Also, not a word about the ethnic composition of the power organs of the “republics”-- the local Central Committees of the Communist Party-- predominantly Russian or Ukrainian even in (and especially in) such ethnically distant areas as Central Asia, Caucasus and the Baltics…

Instead the Britannica is full of praises to the Soviet “public and political organizations,” such as the Young Pioneers, the Young Communist League, DOSAAF (a paramilitary youth organization in the tradition of Hitler-Jugend), etc., and again, not a single word of EDITORIAL explanation about the nature of such unprecedented “political pluralism” in a country with a one-party system of power!

I can only guess about the true motivation of the Britannica publishers, borrowing such crude and very un-British propaganda from the Novosti, and PAYING for it with hard (though decadent) British pounds sterling. To my mind it is either a rare case of pure idiocy, or a side effect of an infectious disease of the 1970's called “detente”-- wishful thinking about making the Soviet junta more peaceful by describing it as such.

There is no need to pay an “appropriate fee” to Novosti, because in most cases Novosti is too happy to pay (rubles, dollars or pounds), to anyone who agrees to publish its crap.

In fact, according to my observations and experience, confirmed by dozens of defectors from the KGB and APN, Novosti has a well-developed list of services and payments for all sorts of foreign collaborators, which I quote below.

In its official Prospectus, Novosti states that “APN's publications are disseminated in foreign countries in strict accordance with the laws and regulations of these countries.” That may or may not be true. But let us look at the various methods of dissemination of APN propaganda from the viewpoint of LEGALITY as well as MORALITY (and I mean universal human morality, not the Communist one, where the end justifies the means).

I purposefully neglect considerations of “willingness” and “unwillingness” (due to ignorance, deceit, stupidity etc.) while observing the dissemination of APN's propaganda through the foreign collaborators in THEIR OWN countries. Why? Because it is indeed too hard to prove the degree of that “willingness” on the part of a collaborator. But it is very easy to review the “active measures” promoted and facilitated by collaborators, from the standpoint of Western MORALITY on one hand, and from the standpoint of Soviet law on the other. This comparison is extremely important to realize,:what the Soviet system itself considers ILLEGAL and CRIMINAL and what it does in foreign countries, using the legitimate freedoms of “open society” to achieve Soviet goals.

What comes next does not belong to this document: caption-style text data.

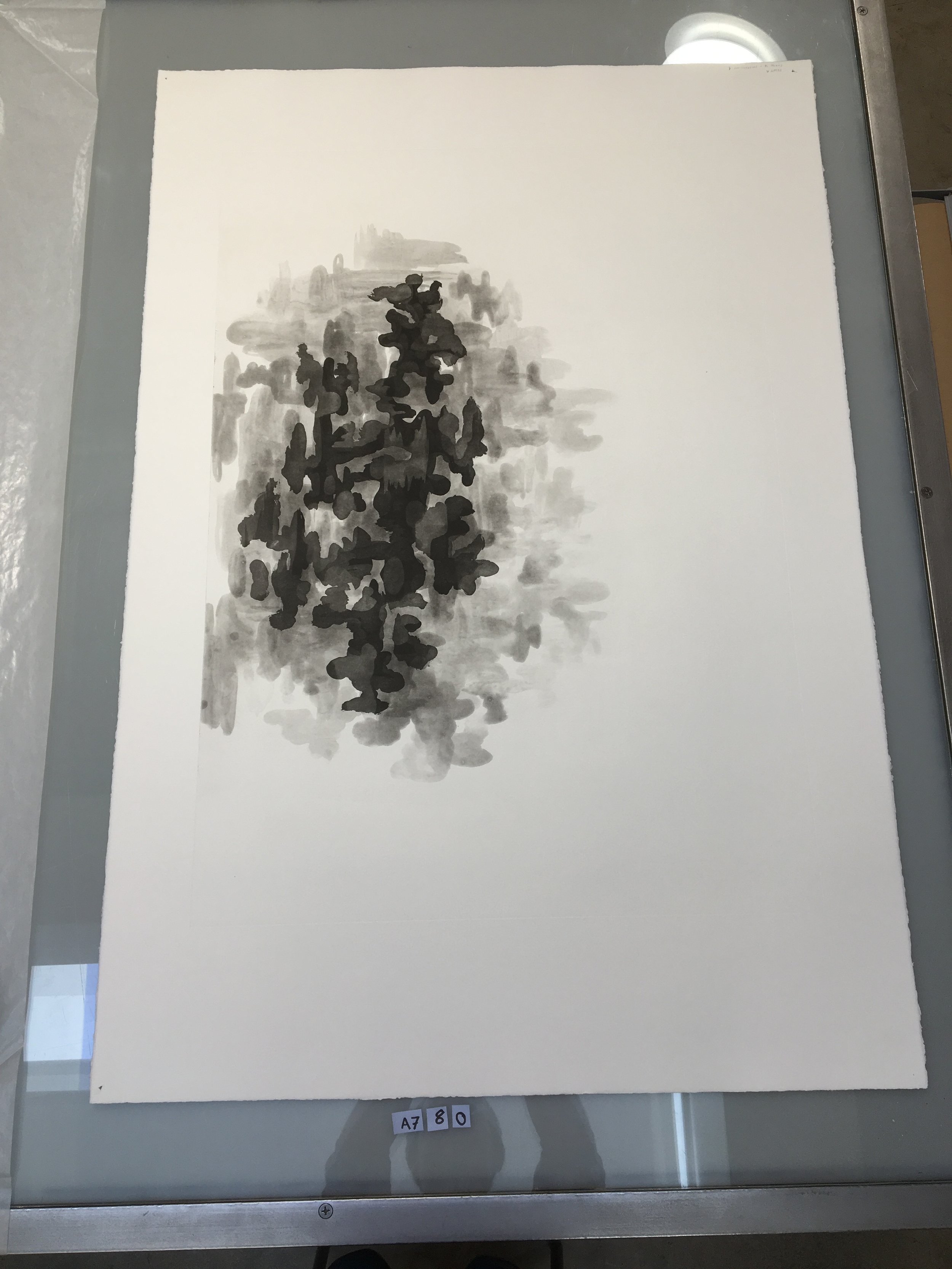 A780.JPG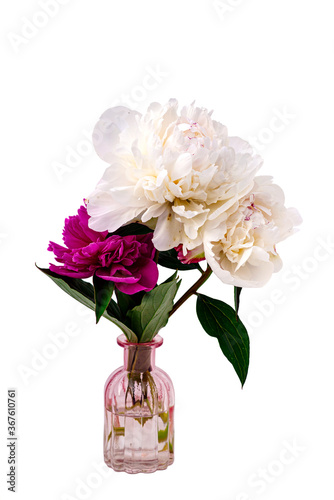 Wallpaper Mural Purple and white peony bouquet isolated on white Torontodigital.ca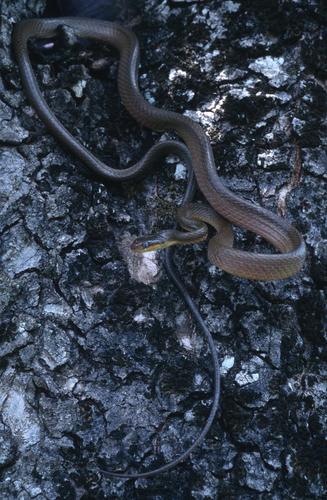 Werner's Green Tree Snake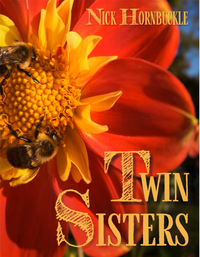 Twin Sisters tab book(PDF download)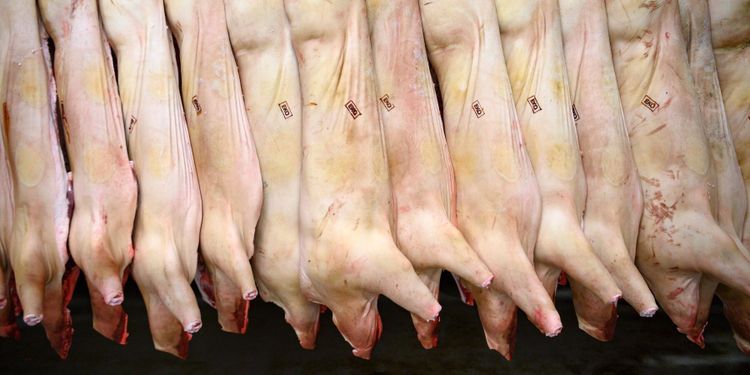 Nytt vitesföreläggande för kritiserat slakteri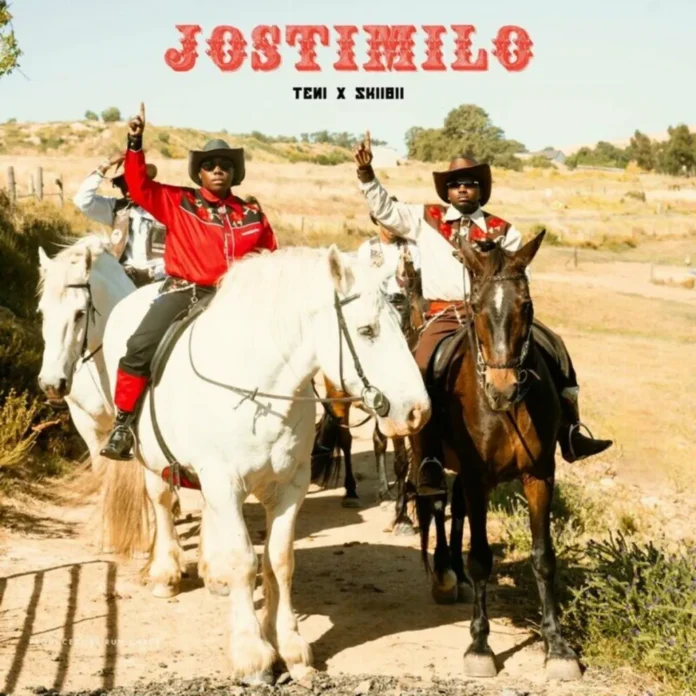 Teni feat. Skiibii – Jostimilo
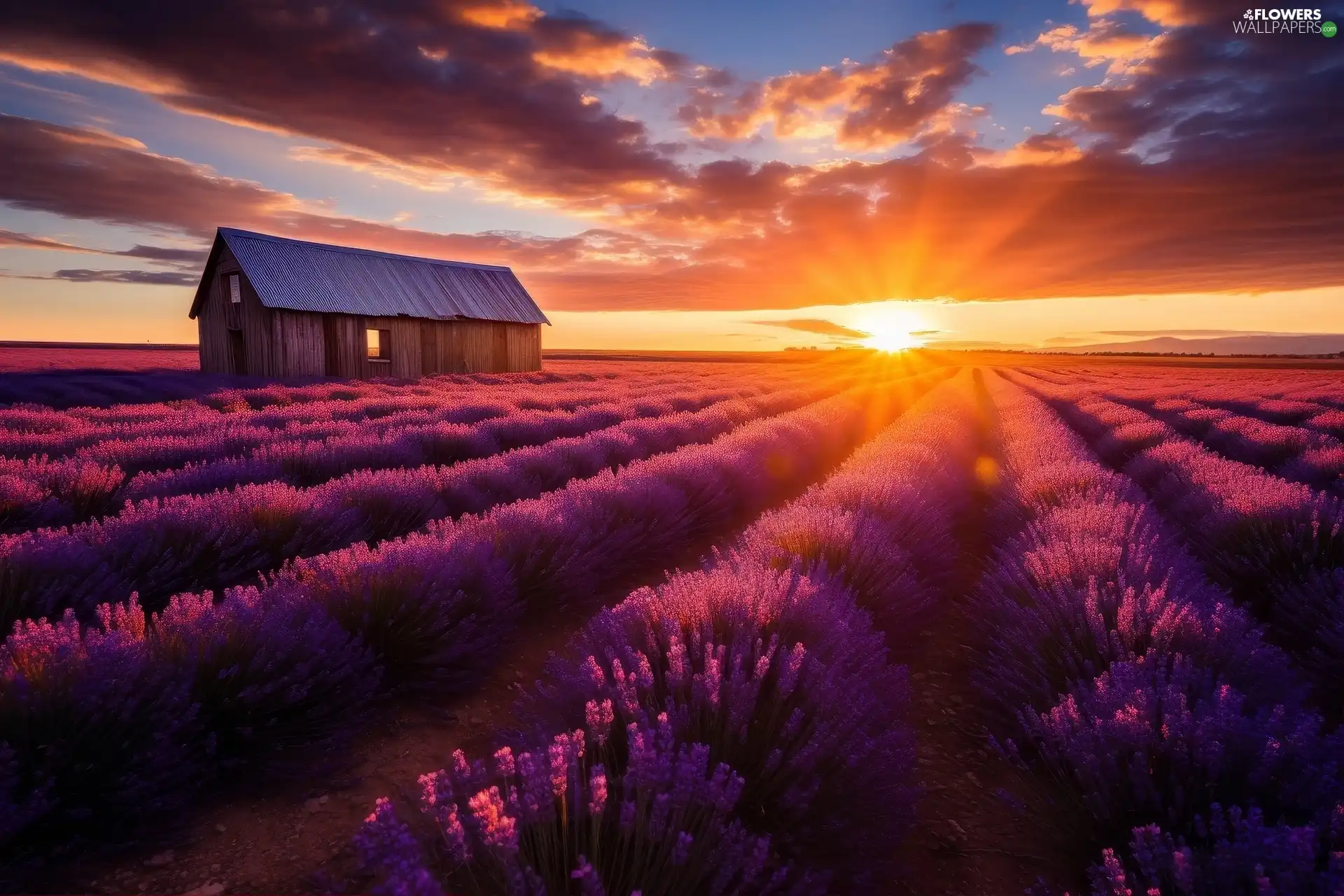 house, Field, clouds, Great Sunsets, Sky, lavender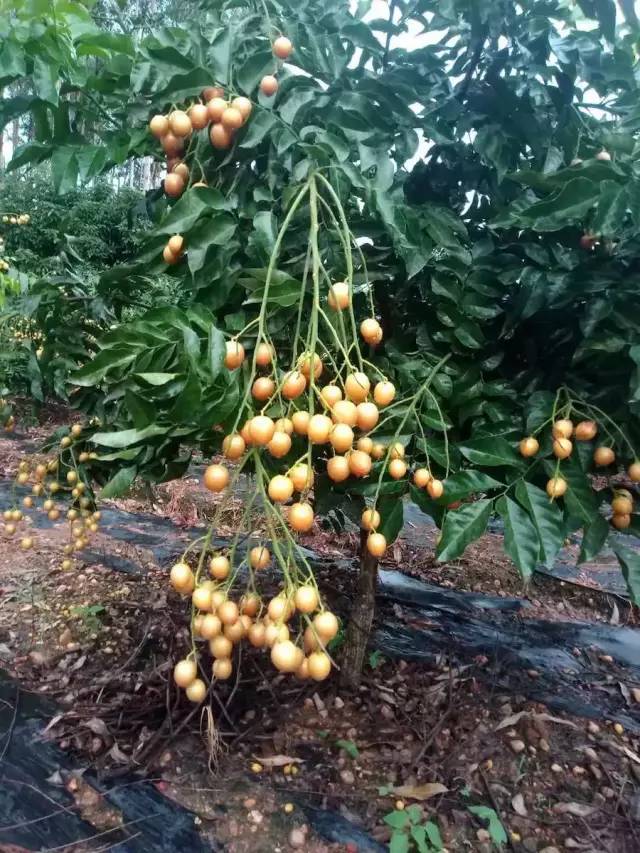 夏天去哪裡玩？漂流、堆雪人、賞花、摘果！南寧這裡值得你夏天去浪！ 旅遊 第27張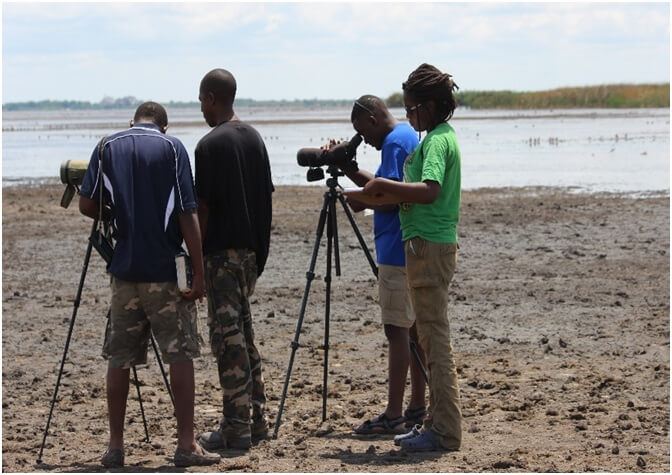 Идет подсчет птиц © Bird Watch Zambia Идет подсчет птиц © Bird Watch Zambia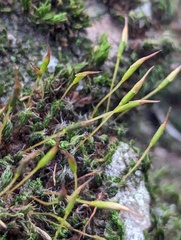 Syntrichia laevipila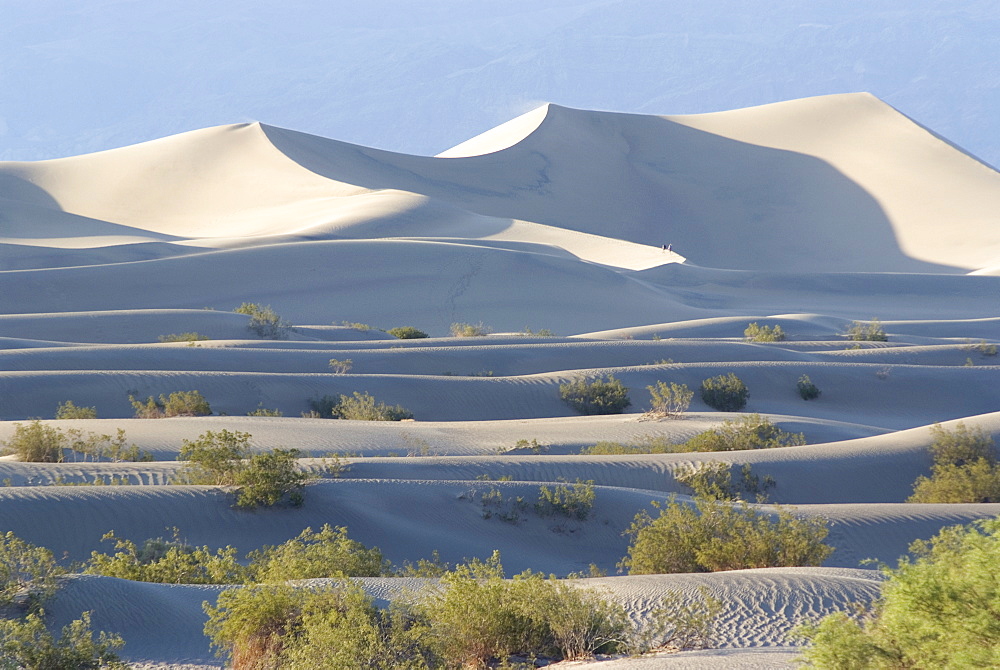 Sand dunes near Stovepipe Wells, Death Valley National Park, California, United States of America, North America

Thus, the “legitimate” or overt active measures conducted by the KGB-Novosti tandem abroad-- through the foreign collaborators--include the following:

--Publication of a piece of pro-Soviet propaganda material in the Soviet media, authored by a foreign collaborator, with further re-circulation (by quotation, reference or reprinting) in the country of the collaborator;

--A public statement in the interests of the Soviet State, made by a foreign collaborator on Soviet radio, TV, or at an international forum organized by the Novosti within the USSR; replaying of that statement in a foreign country;

--Same as above two, but originated in a foreign country and by the foreign collaborator, with further publication (and/or broadcasting or disseminating in any other way) in the foreign media;

--A speech made by a foreign collaborator at one of the CPSU-sponsored “international congresses” within the USSR, with further publication in the Novosti periodicals;

--Same as above, but in a foreign country, at a “leftist” or “liberal” forum, where the policies of the USA and its allies are being attacked;

--Publication of a book, literary work, piece of art, or scientific research, emphasizing the “virtues of a planned economy” and lambasting the “oppressive” capitalist system;

--Establishing a pro-Soviet newspaper, magazine, radical tabloid, or “liberal” periodical sharply attacking the “roots” of the “establishment” and the moral standards of Western society;

--Introduction and conducting of an academic course (or series of lectures, seminars, study groups, etc.) with an emphasis on Marxist-Leninist ideology, at any Western university;

--Establishing a pro-Socialist political or public organization in the country of a collaborator;

--Distribution of APN's periodicals, booklets, releases and other materials in the collaborator's country;

--Direct cooperation with APN's bureau (in the staff) abroad.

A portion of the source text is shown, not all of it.